Vegetable Diet Plan There has been a recent, renewed interest in vegetarian diets. Understanding the natural benefits of a 'green diet’, people have started appreciating the value of a vegetable diet plan. A lot many celebrities including Bryan Adams, Christian Bale, Dustin Hoffman, Claudia Schiffer and Gwyneth Paltrow are also some well know vegetarians and vegans who have promoted the idea of a veggie diet.

Scientifically speaking, a vegetable diet plan does have multiple benefits. Green leafy vegetables are the best sources of Vitamin C, A and K and also supply the essential minerals including iron, calcium, potassium and magnesium. Even a couple of cups of salad greens can provide the required doses of Vitamin K in a vegetable diet plan which:
  • Regulates blood clotting.
  • Helps in protecting bones from osteoporosis.
  • Regulates the absorption of calcium in body.
  • Helps in preventing diabetes.
Vegetables are also the most well known sources of fiber – an essential requirement for digestion – that is not found in meat and other animal based food products. Fiber is the leading dietary factor in the prevention and treatment of chronic diseases.

If you are trying to

loss weight

, any nutrition expert will recommend a vegetable diet plan. Salads and soups offer a great combination of taste and nutrition. For extra taste, you can also toss in some seasonal fruits in a bowl of salad to create a fresh, colorful, light snack or mid day meal.

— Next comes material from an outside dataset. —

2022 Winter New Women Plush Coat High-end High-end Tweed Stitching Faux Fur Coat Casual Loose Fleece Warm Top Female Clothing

A vegetable diet plan is well balanced and safe with all nutrients. Vegetables are the most natural and healthy sources of not just the vitamins, minerals and fiber but also the body building nutrients such as proteins. Soya bean, spinach, beans, cabbage, asparagus and carrots are some common vegetables which are known for their high protein content.

It is a myth that that people who live solely on vegetable diet plan, suffer from deficiency diseases or do not have adequate body resistance. A vegetable diet plan is not just balanced and rich with all the essential nutrients but also guards the body against many malignant diseases including cancer and coronary heart disease. In a scientific research study, it was observed that keeping non-vegetarians on a vegetable diet plan lowered their abnormal high blood pressure and cholesterol levels.

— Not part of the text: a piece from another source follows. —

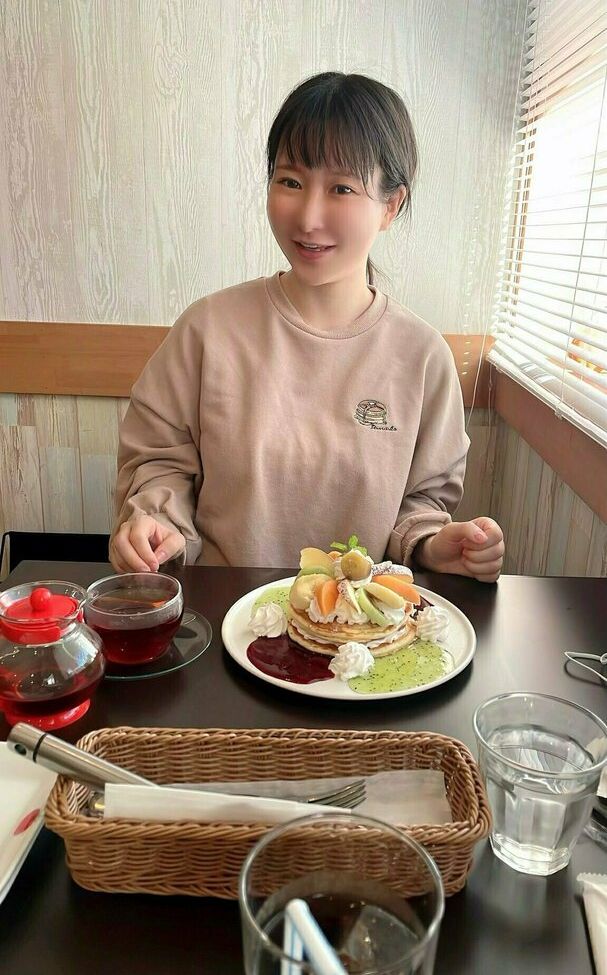 Lunaamemiya desnuda #108942581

Remember, a vegetable diet plan is not just about soups and salads. You can also prepare some tasty meals and snacks with an intelligent combination of vegetables and few other ingredients. So if your young brats do not like their veggies but do love Mexican, pack some Baked Bean Quesadillas for their school lunch or enjoy a Sunday dinner with the whole family by using plenty of vegetables in Zuchinni and Pepper Bean Burito and Vegetarian Portabella Mushroom Enchiladas.

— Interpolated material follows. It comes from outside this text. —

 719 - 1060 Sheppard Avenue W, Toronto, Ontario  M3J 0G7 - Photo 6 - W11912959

With a vegetable diet plan, you can be sure of complete nutrition, easy digestion and a tasteful combination of some really rich meals. Vegetables have a nil fat content and are also low in calories. Being rich and safe sources of all other nutrients – Protein, Calcium, Iron, Vitamin – A, B, C, D, E, K and of course plenty of fiber – they are strongly recommended for all age groups.